Sunday, March 27, 2011

All of My Goodness - March 1, 2011

D’var Torah - Neighbor Night- February 18, 2011
Over the last three years, I have chosen a word from the weekly Torah reading on which to focus for a congregational discussion of its meaning. The word that I chose this week, KAVOD, is not in the sec- tion from which I will be reading tonight from the Torah, but in the verses just preceding it. KAVOD is a word that is usually translated as glory or honor. In the most modern translation, “glory” becomes presence. Here is the section from the end of Exodus Chapter 33: “Moses said to the Eternal, ‘O let me behold K’VODECHA – Your presence!” And God answered, “I will make all My goodness pass before you, and I will proclaim the name Eternal (God’s 4 letter name YUD HAY VAV HAY) and the grace that I grant and the compassion that I show...but you cannot see my face, for a human being may not see me and live.” God then explained to Moses that he would be put in the cleft of a rock as the divine presence passed by, so that Moses would see only God’s back.
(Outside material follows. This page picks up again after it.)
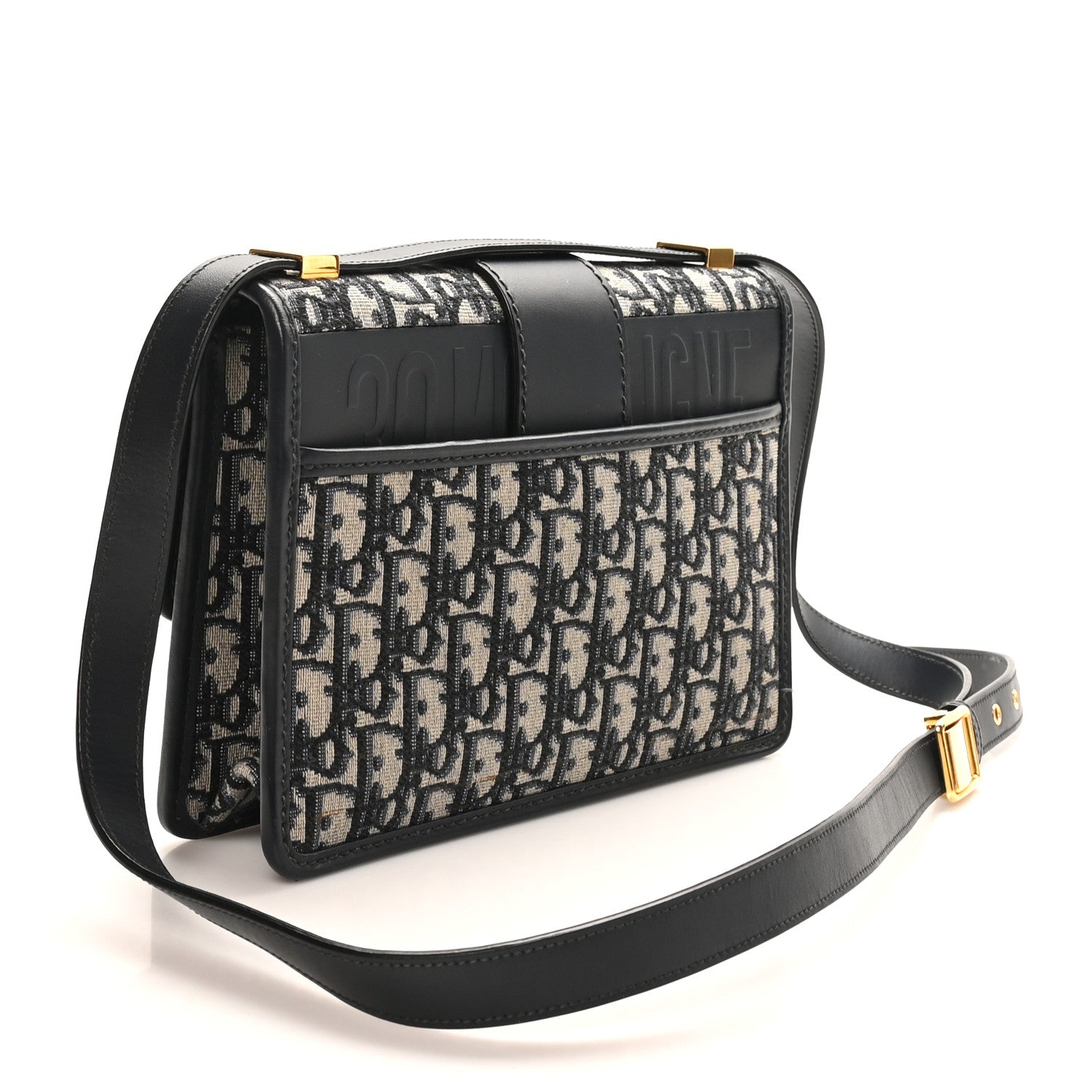 Christian Dior Oblique 30 Montaigne Flap Bag Blue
In the various Torah commentaries which I consult on the possible meanings of words and phrases, the best explanation I found for the use of KAVOD in this verse came from Robert Alter’s translation of the Torah. Alter explained: “We are not likely to recover precisely what the key term KAVOD – glory, honor, divine presence, and, very literally, ‘weightiness’ – conveyed to the ancient Hebrew imagination. In any case, Moses, who first fearfully encountered God in the fire in the bush, is now ready and eager to be granted a full-scale epiphany, a frontal revelation of the look and character of this divinity that has been speaking to him from within a pillar of the cloud.”
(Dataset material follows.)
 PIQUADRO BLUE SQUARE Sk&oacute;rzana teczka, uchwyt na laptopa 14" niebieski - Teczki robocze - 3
Of course, God didn’t offer to show Moses the divine face or the divine glory. Instead, God told Moses that he would be allowed to see and sense all of God’s goodness – KOL TUVI – defined by the grace and compassion that God would show to Moses and, in turn, to all of humanity. The rest of the definition of divine goodness – and even God’s KAVOD – glory and presence – appeared in God’s declaration to Moses in the verses I am about to chant from the Torah. Specifically, God’s glory and goodness were characterized by mercy, compassion, grace – where grace means a measure of unconditional love and loyalty – patience in the face of possible anger, overflowing kindness, faithfulness, and forgiveness. This was what was revealed to Moses, and, in turn, to the Israelite people after they had forced Aaron the priest, Moses’ brother, to fashion a golden calf for them to wor- ship as if it were God. Moses’ “absence” while he was atop Mount Sinai, like a parent leaving an adolescent child at home alone, had caused the people to lose faith and hope. The revelation to Moses of divine goodness – KOL TUVI-was meant as a reassurance to the people that God, who cannot be seen in a physical way, is still always present.
For our lives, the an important lesson that we can learn from this passage is that we can find footprints or traces of God when we and the people around us put into practice the essence of God’s glory and goodness: mercy, compassion, grace, kindness, patience, loyalty and forgiveness. I am sure that we would all admit that it is next to impossible to exhibit all of those qualities at once, because, of course, we are only human. Yet, the more of those qualities we do practice at once, the better we become as individuals and as a human family. Striving to emulate those divine attributes enables us to create a culture and community of KAVOD, where we truly honor each other by our presence and by giving the best of ourselves. So may we do each day of our lives.